Published in 2024, Ta-Nehisi Coates’s The Message is a collection of four essays built around his travels to Dakar, Senegal; Chapin, South Carolina; Israel; and Palestine. Coates is a celebrated writer whose work on race, history, and writing has garnered him a National Book Award for Nonfiction, a MacArthur Genius Grant, and nominations for excellence in journalism and fiction. In The Message, Coates’s central thesis is that power interests construct historical narratives that encourage compliance with the existing order. He asserts that writers have a responsibility to reveal those narratives and construct counternarratives that encourage liberation. In discussing the moral obligations that come with writing, Coates explores themes including The Power of Storytelling, The Relationship Between Place and Identity, and The Political Impact of Historical Narratives

This guide refers to the Penguin Random House Kindle edition.

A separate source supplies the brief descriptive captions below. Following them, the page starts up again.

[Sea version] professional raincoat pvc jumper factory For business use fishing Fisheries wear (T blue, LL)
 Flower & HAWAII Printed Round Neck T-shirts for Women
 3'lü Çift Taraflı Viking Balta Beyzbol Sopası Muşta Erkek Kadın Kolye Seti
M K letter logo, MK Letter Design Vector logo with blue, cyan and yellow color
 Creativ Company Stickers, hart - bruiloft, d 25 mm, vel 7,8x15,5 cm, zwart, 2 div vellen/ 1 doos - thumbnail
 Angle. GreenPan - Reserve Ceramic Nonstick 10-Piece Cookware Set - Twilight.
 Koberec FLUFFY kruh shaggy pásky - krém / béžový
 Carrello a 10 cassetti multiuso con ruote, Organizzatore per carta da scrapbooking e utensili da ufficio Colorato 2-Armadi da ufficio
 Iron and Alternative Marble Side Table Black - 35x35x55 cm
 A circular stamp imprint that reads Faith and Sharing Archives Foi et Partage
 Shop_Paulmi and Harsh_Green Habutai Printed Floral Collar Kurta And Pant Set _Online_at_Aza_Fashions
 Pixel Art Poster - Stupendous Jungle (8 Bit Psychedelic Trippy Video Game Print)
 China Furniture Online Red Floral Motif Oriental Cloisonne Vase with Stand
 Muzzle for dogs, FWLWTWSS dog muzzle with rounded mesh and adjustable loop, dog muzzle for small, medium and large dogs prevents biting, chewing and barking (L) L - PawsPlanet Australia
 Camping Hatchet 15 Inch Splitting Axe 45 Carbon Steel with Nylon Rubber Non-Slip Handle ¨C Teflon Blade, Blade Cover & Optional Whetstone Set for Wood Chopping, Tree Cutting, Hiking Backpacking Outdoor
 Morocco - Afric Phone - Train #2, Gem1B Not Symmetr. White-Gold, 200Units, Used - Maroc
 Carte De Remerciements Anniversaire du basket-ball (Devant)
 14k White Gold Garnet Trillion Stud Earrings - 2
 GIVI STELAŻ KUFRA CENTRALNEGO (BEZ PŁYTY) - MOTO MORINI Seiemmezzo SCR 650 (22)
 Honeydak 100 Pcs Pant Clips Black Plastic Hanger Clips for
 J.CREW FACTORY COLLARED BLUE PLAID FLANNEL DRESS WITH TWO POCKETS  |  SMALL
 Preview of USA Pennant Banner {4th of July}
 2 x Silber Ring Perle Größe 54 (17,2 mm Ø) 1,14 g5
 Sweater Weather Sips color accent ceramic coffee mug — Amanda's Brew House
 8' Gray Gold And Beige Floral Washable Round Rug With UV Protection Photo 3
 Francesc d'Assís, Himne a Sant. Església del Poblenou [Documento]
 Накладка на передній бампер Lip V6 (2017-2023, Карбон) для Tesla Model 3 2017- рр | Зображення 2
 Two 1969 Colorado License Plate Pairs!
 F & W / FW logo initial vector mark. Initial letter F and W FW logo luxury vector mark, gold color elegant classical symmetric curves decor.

Content Warning: The source text and this guide discuss racism, racist violence, colonialism, enslavement, and the Holocaust and mention sexual violence and the murder of George Floyd. They also discuss the ongoing Israel-Palestine conflict; views expressed here are Coates’s alone.

Summary

“Journalism Is Not a Luxury” is addressed to Coates’s young, Black students at Howard University. Coates discusses the intertwined nature of writing and politics for Black writers.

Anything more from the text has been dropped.